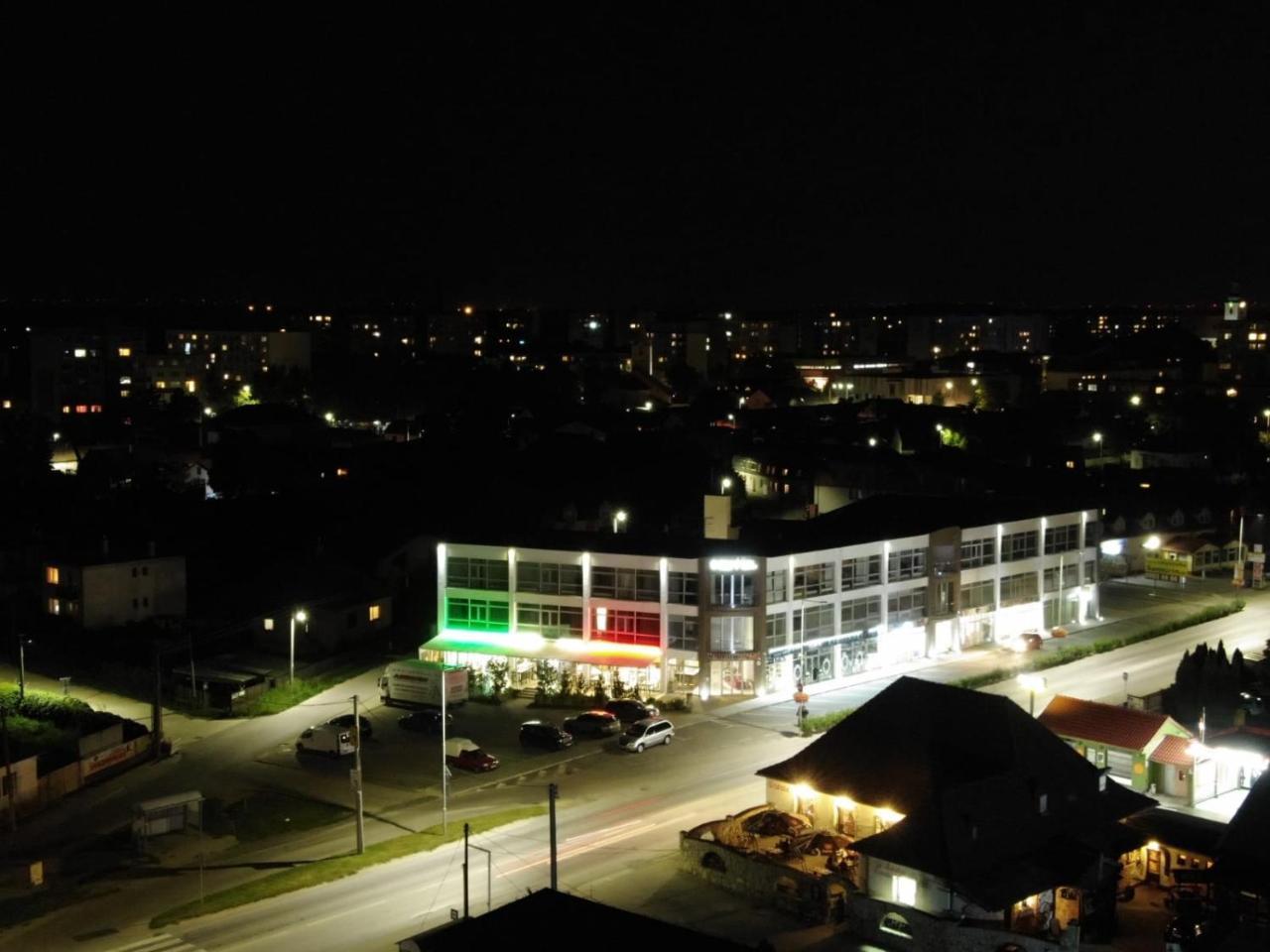 Hotel Samaria Šamorín Bagian luar foto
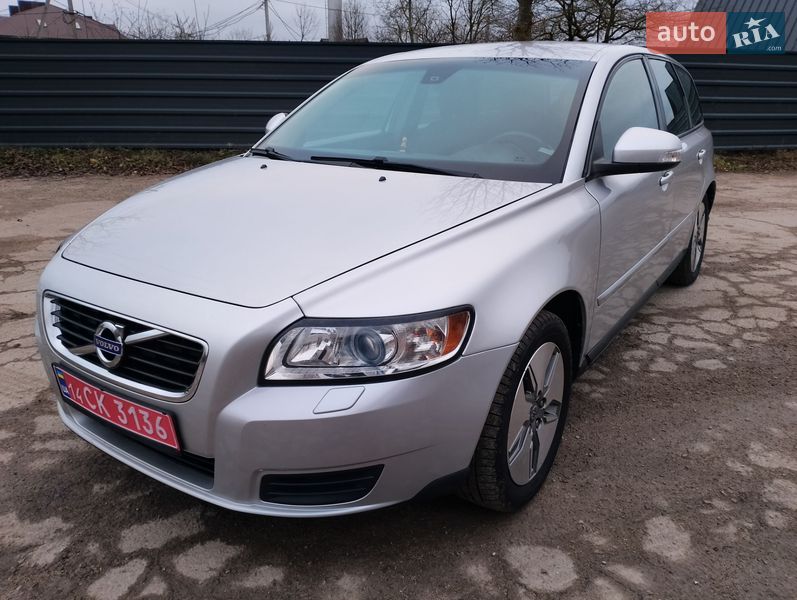 Volvo V50 2010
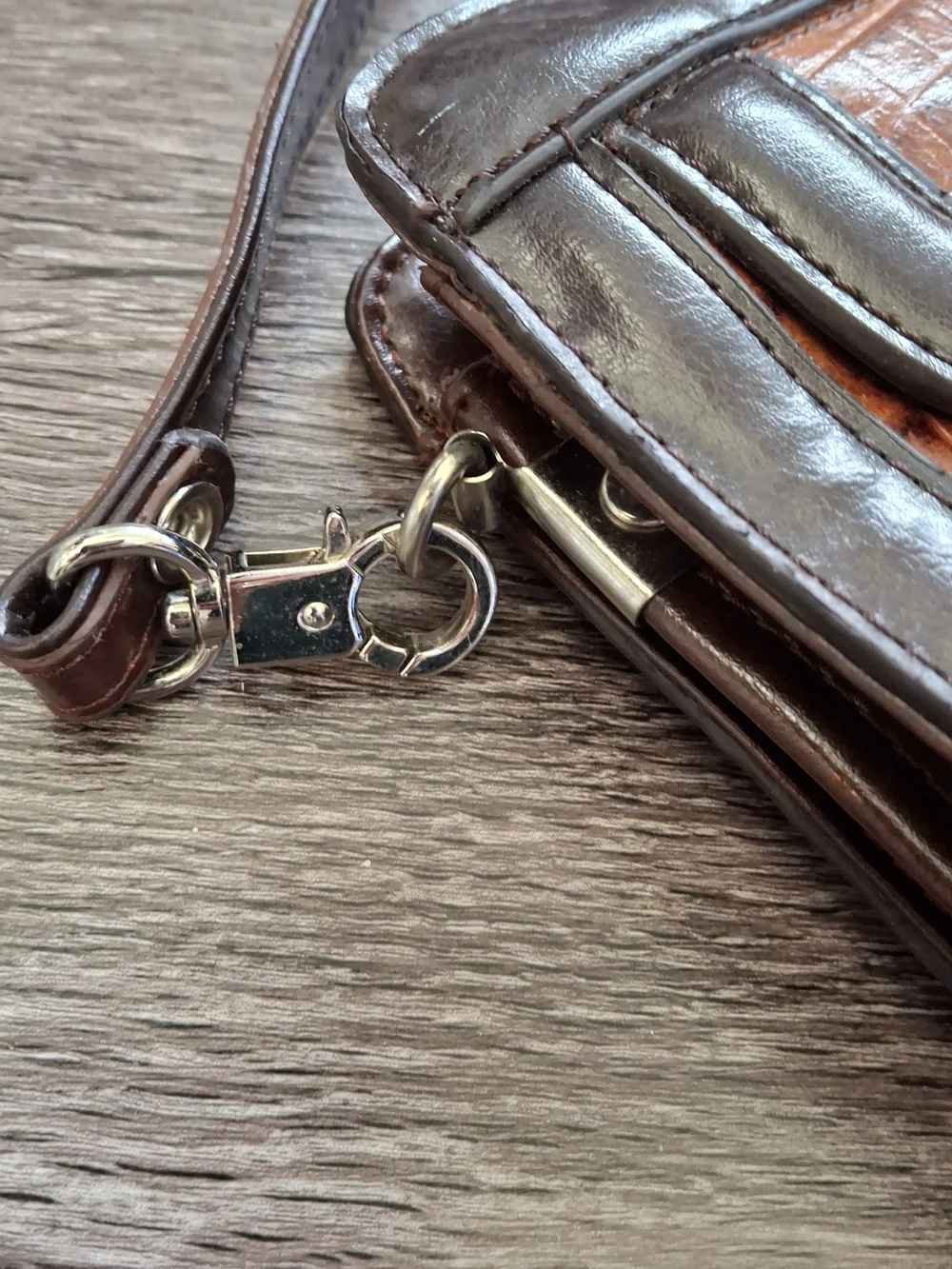 VTG MC Croc-Embossed Brown Leather Breifcase with Dark Trim And Silver Heart - Picture 6 of 16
-*-*-
▸ **Your goal**: Copy out the data verbatim, with no pictures.

▸ **Answer to the problem**:
 Hotel Samaria Šamorín Bagian luar foto
 Volvo V50 2010
 VTG MC Croc-Embossed Brown Leather Breifcase with Dark Trim And Silver Heart - Picture 6 of 16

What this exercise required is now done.